Walking the river before crossing it, following the path of that the left wheels of the vehicle will take and returning along the path the right wheels, will take will often show these up and help with planning the shallowest route across. Take a stick, too, so you can get a sense of the river bed's firmness.
Before attempting a crossing, wind down the electric windows and unlock all the centrally locking doors so that if you do get stuck and the vehicle's electronics fail, you can still get out of the vehicle.
If the water is particularly deep, you may need to cover the front of the vehicle with a tarp to stop water washing in over the engine – and, crucially, into the air intake, where it can cause terminal engine damage.
The golden rule is to pick a low-range gear, enter slowly, don't change gears, and only drive fast enough to get a small bow wave appearing in front of the vehicle. Other important factors are the ease of entry to the water, and how difficult it will be to get out the other side, particularly if other vehicles have already turned the bank into a slippery slope.
Water is extremely deceptive. A calm-looking surface can hide fast currents underneath, particularly if the river is shallow, and it does not need to be very deep, either, to carry enough force to push a vehicle sideways as it crosses at a right angle to the river's flow.

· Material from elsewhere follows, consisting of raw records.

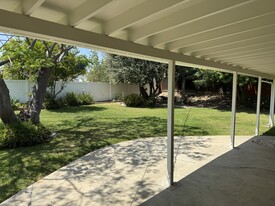 Building Photo - 10131 Oso Ave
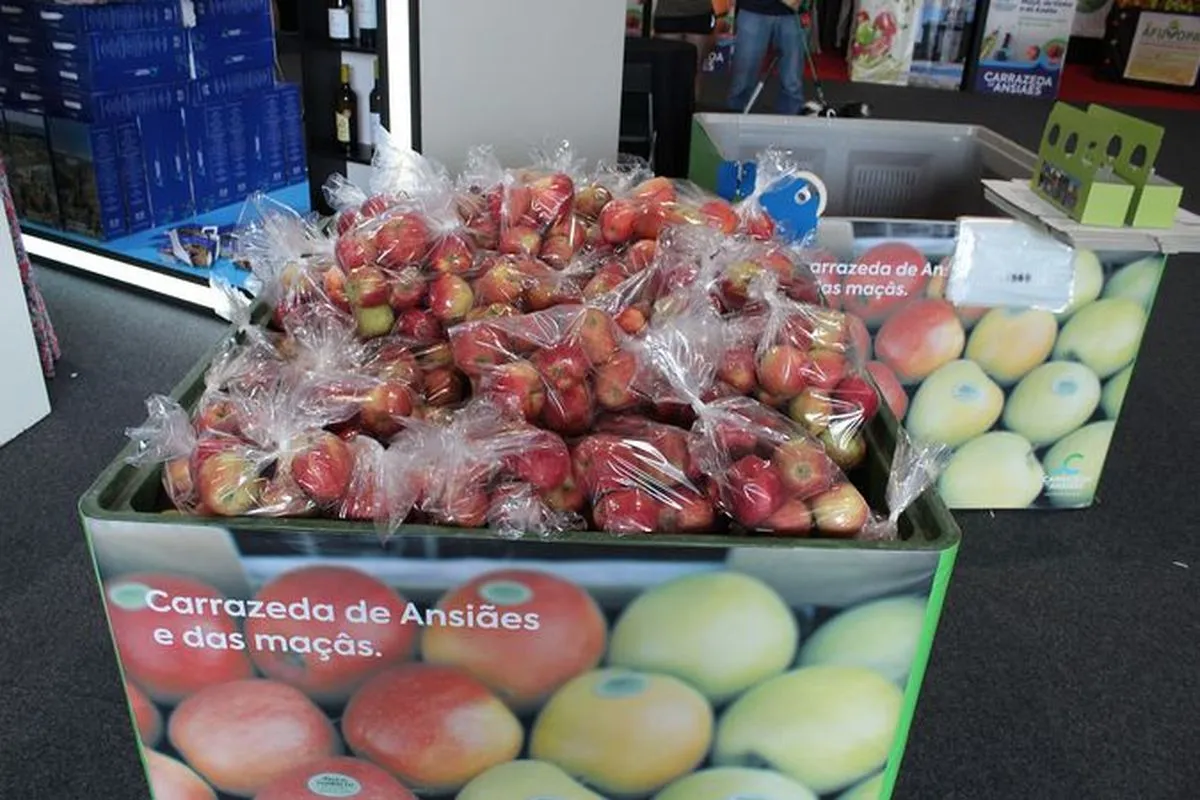 La 'Feira da Maçã, do Vinho e do Azeite' se celebra en Carrazeda de Ansiães (Portugal) desde hace casi tres décadas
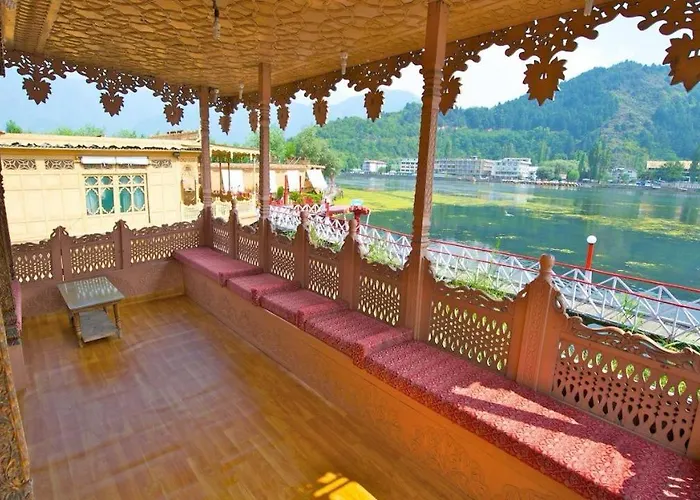 Heritage Amina Group Of Houseboats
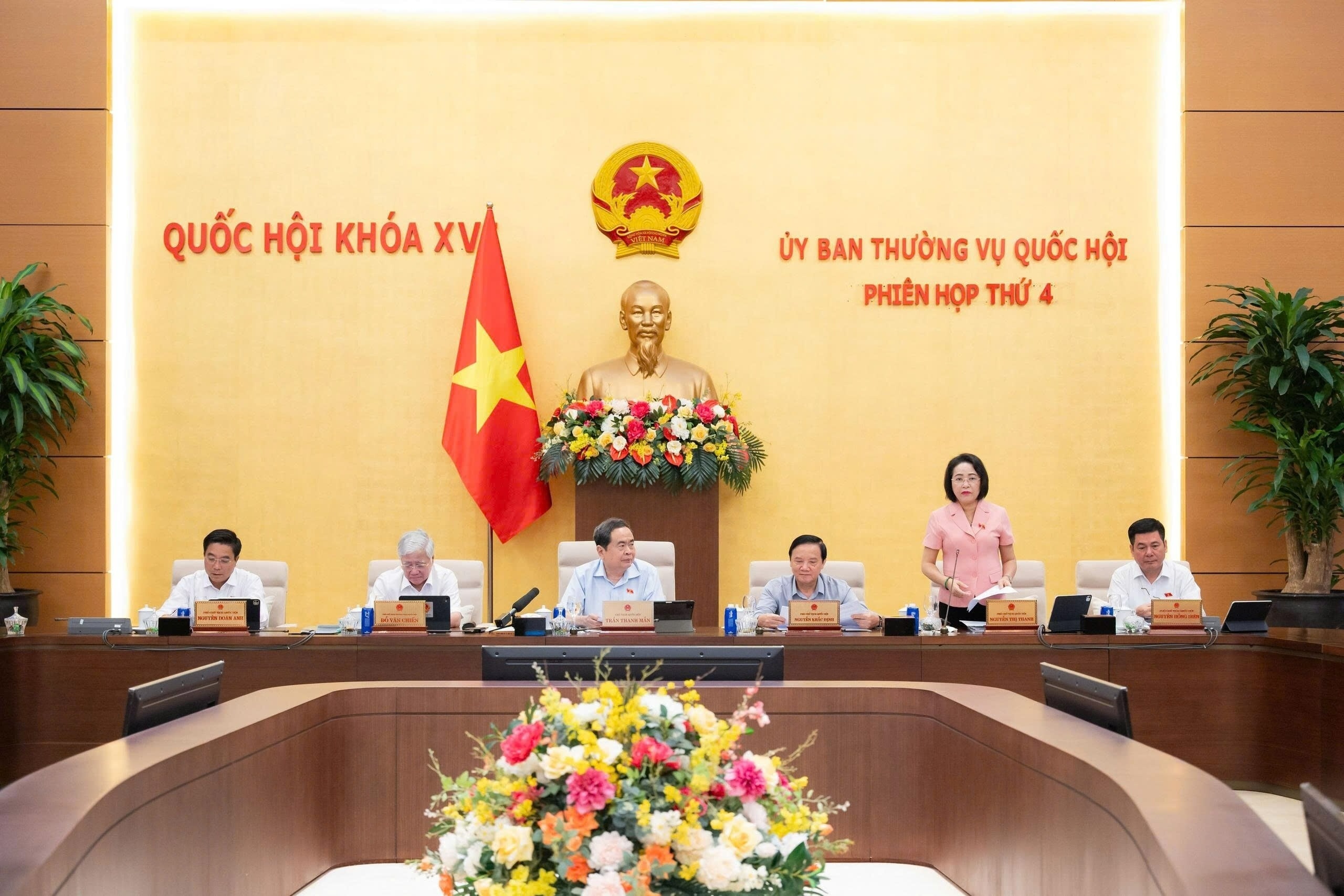 Luật xuất bản ảnh 2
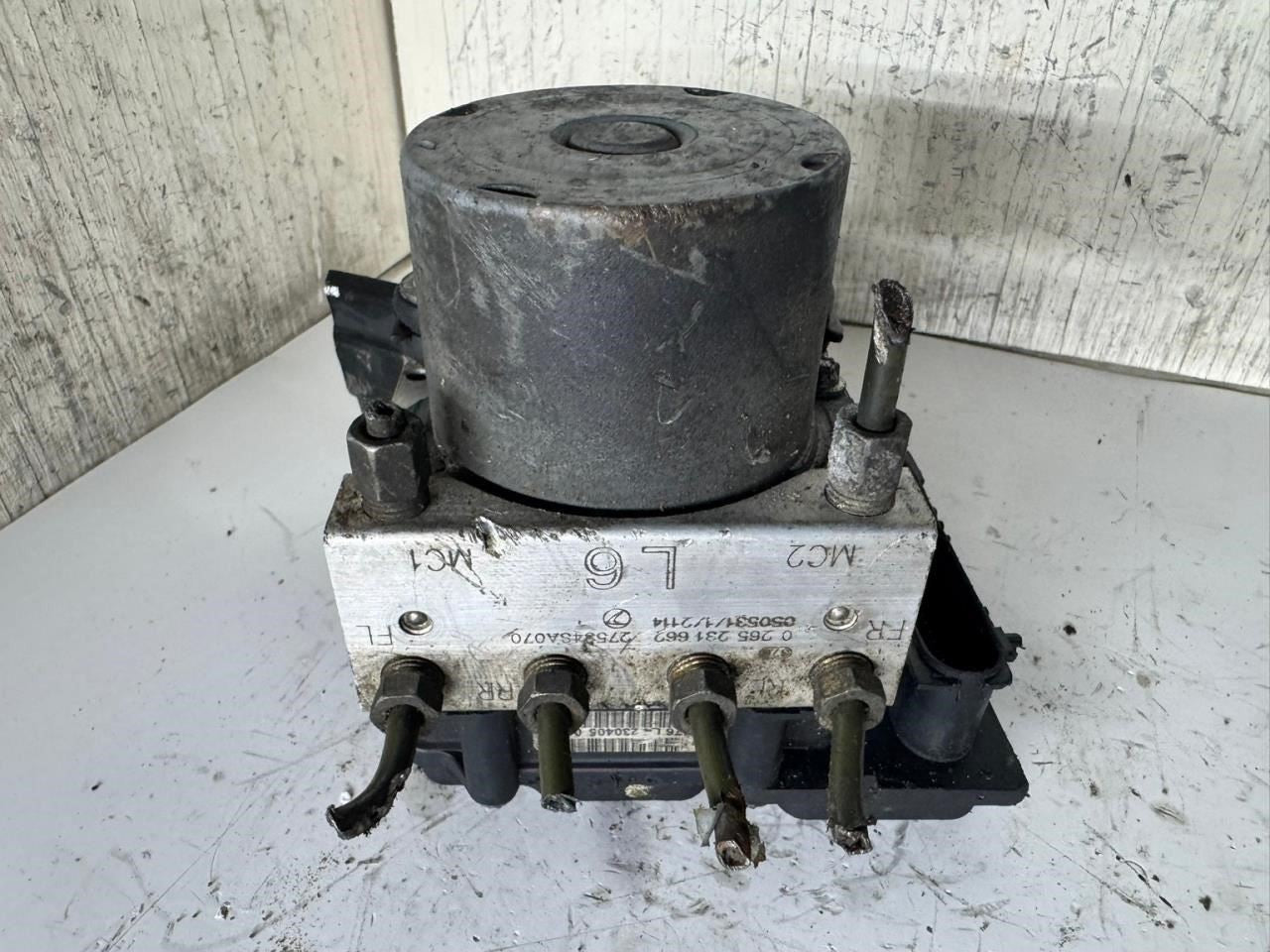 06-08 FORESTER ABS Pump Anti Lock Brake Module - 27534SA070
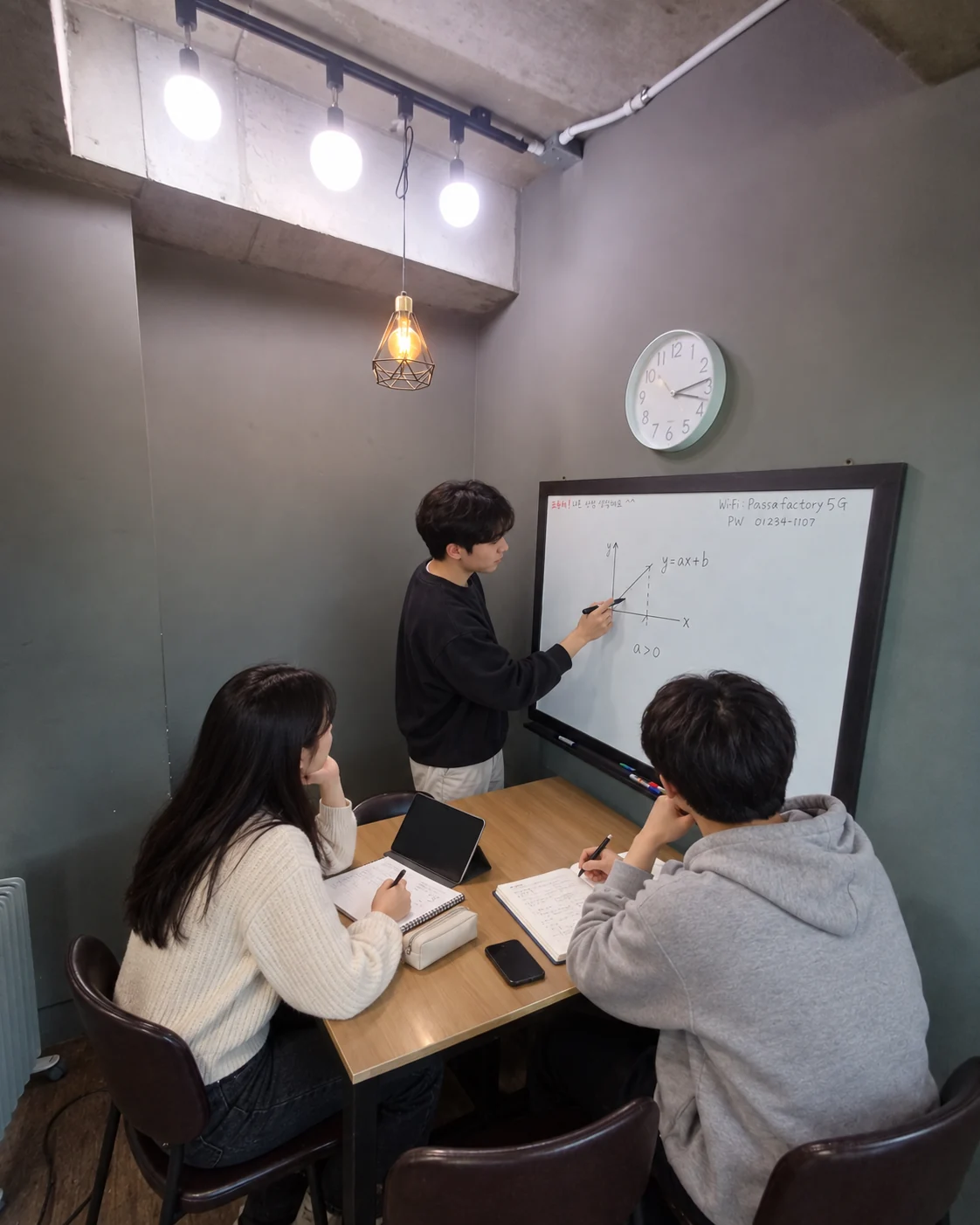 화이트보드 앞에서 함께 공부하는 소규모 그룹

Vehicles will also tend to float slightly, and the rear end may bob around a bit if it has more buoyancy than the engine-laden front end. If the side panels are dipping into the water, the sideways force is a lot higher than if the water was pushing against the wheels alone and there is more chance the water could sweep your car downstream. Most stock off-road vehicles only have a wading depth of between 300mm and 500mm (it's the serious 4WDs that approach the latter figure), which means the water should only come half-way up a wheel.
However, with a few modifications such as a snorkel and breather pipes, a vehicle can safely attempt deeper crossings.
For a deep crossing, it pays to attach a recovery strap to another vehicle. If one becomes stuck half-way across, the second vehicle is still able to provide some instant support if things start to go pear-shaped.
If your engine stalls mid-way through a crossing, don't attempt to restart it. The risk is that the engine may have sucked water inside it, and because water does not compress very well, you'll damage the cylinders and pistons and rack up a huge repair bill.